[Short web captions]
- - - -

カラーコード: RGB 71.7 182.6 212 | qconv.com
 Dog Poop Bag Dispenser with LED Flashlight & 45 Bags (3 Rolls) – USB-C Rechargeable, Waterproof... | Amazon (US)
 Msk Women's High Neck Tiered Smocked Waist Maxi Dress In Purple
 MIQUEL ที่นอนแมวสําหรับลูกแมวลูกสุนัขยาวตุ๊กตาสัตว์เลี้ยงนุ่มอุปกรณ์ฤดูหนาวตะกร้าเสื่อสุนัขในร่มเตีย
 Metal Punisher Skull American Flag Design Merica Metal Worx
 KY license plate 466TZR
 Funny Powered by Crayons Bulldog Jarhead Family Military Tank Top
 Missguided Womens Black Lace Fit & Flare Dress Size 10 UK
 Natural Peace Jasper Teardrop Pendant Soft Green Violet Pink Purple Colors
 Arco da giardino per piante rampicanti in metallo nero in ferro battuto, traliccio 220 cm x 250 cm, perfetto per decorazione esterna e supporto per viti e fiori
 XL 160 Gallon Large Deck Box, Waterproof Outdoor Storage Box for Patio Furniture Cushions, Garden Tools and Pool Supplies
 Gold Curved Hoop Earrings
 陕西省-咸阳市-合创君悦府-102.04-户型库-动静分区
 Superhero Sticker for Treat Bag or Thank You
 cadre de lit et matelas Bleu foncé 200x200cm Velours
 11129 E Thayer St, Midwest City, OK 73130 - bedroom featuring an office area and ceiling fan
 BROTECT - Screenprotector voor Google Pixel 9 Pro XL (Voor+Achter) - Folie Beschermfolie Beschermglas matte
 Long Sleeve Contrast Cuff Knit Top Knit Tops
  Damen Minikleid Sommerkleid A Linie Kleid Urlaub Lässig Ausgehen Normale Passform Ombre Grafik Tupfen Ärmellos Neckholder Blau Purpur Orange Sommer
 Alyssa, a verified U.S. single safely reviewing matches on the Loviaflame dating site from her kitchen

- - - -

# DIRECTIONS
Set out exactly the lines from the one bearing "Long Sleeve Contrast Cuff Knit Top Knit Tops" through the end of the data, including both ends and omitting all others.

# COMPLETED EXERCISE
 Long Sleeve Contrast Cuff Knit Top Knit Tops
  Damen Minikleid Sommerkleid A Linie Kleid Urlaub Lässig Ausgehen Normale Passform Ombre Grafik Tupfen Ärmellos Neckholder Blau Purpur Orange Sommer
 Alyssa, a verified U.S. single safely reviewing matches on the Loviaflame dating site from her kitchen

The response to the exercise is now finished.